He took a big risk Nico, but it may be the best thing he has done (I repeat: of which I am aware). Once you’ve seen it for even a minute, that damn electric mantra gets in your head. Even if you turn it off, even if you’ve laughed at him, he’s inside you by now. Because you know that meanwhile he, in that elsewhere, is going on. Perhaps what I witnessed made me also better understand the nature of performance art in general: a concept in action, just as conceptual art is performance of thought.

I TRUSTED YOU
What else to say? Perhaps of Nico’s extraordinary physical endurance?
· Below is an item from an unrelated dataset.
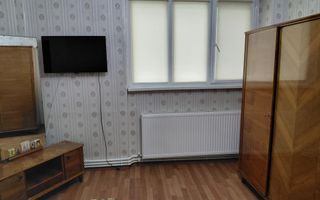 Apartament 3 camere decomandat 68 mp Galati zona IREG - Poză 21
It really takes a lot of preparation to reiterate such an act for 24H, but most of all it really takes a lot of conviction, and perhaps a kind of love, a kind of generosity, that of the shaman, who serves the spirits and becomes a messenger for mortals. What has he delivered to us? In the infinite blind and varied happening of things, everything makes sense and nothing makes sense. Something has happened, though. A small event dissolved in eternity, yet significant. Not insignificant.

I TRUSTED YOU

In the end I trusted you too, Nico.

MAY 4, 2020 NOTE: I learned only later that the reference used by Nico Vascellari is a performance by American comedian and performer Andy Kaufman. In “I Trusted You,” from 1977, which can be found on YouTube, Kaufman, dressed as Elvis, repeated the phrase for about 3 minutes mocking the audience. So we seem to understand the insight was this: to turn Kaufman’s teasing into a 24-hour performance, giving it another meaning.